Start of Data for review
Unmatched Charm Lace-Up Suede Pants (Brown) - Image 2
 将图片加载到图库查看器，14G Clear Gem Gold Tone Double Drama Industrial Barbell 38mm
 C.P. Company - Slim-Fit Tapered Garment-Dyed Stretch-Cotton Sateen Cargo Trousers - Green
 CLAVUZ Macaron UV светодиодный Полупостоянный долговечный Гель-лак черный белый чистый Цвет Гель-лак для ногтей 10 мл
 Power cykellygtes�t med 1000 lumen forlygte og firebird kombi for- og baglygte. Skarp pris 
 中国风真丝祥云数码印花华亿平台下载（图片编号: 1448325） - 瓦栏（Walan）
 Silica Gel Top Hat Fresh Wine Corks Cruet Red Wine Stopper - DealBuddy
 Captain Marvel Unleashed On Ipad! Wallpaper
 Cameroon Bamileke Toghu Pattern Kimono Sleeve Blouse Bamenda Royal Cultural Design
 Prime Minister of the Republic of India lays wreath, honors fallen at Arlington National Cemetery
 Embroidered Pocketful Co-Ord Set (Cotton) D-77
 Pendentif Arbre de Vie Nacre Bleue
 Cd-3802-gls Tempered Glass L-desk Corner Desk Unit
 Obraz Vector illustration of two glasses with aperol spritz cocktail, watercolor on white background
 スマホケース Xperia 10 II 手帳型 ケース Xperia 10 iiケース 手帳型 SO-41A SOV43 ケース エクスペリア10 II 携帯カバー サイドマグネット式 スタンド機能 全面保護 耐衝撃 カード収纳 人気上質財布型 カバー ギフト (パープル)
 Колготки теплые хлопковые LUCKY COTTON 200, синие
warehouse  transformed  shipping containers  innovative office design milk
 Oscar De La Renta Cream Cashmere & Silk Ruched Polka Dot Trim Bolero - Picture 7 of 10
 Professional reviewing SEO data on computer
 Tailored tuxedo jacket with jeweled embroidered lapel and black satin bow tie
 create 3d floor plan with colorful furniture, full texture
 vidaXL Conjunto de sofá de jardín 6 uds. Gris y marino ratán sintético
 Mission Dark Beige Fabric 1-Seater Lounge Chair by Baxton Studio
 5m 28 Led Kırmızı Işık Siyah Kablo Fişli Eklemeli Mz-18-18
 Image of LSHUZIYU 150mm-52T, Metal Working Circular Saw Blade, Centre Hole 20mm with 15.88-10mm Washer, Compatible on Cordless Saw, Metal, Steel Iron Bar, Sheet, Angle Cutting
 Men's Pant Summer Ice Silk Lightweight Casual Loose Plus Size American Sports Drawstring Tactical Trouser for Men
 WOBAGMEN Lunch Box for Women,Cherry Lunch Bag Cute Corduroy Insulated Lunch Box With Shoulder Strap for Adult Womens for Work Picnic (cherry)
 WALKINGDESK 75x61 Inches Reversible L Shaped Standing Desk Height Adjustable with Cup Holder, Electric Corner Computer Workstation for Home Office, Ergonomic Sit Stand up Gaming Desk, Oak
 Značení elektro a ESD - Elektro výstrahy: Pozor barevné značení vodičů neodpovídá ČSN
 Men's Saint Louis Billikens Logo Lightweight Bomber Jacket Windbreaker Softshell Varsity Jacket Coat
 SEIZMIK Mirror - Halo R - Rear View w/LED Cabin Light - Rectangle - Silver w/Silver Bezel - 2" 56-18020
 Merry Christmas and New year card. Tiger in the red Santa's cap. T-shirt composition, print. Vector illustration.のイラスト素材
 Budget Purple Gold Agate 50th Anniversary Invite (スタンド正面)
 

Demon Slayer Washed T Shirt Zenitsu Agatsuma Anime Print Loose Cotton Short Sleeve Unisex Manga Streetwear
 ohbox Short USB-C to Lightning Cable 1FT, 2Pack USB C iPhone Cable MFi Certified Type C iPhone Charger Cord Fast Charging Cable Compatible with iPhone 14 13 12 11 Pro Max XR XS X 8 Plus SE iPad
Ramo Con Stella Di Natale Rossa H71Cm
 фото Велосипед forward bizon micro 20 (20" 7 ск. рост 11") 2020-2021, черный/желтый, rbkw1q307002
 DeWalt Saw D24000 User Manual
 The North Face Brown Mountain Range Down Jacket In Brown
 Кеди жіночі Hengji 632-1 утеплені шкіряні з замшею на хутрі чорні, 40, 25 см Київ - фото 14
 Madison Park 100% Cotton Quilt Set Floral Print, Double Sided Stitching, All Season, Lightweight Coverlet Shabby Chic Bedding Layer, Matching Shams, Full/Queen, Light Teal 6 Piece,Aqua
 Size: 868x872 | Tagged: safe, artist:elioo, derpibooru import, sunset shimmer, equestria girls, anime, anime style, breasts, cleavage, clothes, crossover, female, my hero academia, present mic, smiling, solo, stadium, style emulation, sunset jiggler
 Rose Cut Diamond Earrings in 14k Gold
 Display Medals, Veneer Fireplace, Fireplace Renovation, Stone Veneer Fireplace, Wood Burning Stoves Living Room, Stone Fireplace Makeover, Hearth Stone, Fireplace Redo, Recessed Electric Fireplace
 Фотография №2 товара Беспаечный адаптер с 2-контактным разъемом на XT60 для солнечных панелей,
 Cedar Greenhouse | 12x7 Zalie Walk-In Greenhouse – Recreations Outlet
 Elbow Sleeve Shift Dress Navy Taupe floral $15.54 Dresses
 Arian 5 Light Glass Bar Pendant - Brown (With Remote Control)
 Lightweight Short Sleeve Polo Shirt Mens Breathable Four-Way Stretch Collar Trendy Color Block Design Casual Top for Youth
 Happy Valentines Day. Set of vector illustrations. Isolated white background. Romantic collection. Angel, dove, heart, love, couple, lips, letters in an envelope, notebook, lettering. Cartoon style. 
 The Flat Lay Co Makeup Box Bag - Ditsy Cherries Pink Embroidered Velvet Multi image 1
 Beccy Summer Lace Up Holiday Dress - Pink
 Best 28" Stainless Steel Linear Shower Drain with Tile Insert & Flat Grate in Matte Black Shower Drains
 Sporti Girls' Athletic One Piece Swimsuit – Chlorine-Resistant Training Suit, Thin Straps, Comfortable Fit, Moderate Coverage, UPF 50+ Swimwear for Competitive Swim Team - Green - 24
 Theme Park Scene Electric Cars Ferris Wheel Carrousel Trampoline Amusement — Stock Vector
End of Data for review
The lines above starting at the one that contains "Men's Pant Summer" and ending at the one that contains "Značení elektro a" must be transcribed exactly, and no other lines may appear.

*Solution to this problem:*
 Men's Pant Summer Ice Silk Lightweight Casual Loose Plus Size American Sports Drawstring Tactical Trouser for Men
 WOBAGMEN Lunch Box for Women,Cherry Lunch Bag Cute Corduroy Insulated Lunch Box With Shoulder Strap for Adult Womens for Work Picnic (cherry)
 WALKINGDESK 75x61 Inches Reversible L Shaped Standing Desk Height Adjustable with Cup Holder, Electric Corner Computer Workstation for Home Office, Ergonomic Sit Stand up Gaming Desk, Oak
 Značení elektro a ESD - Elektro výstrahy: Pozor barevné značení vodičů neodpovídá ČSN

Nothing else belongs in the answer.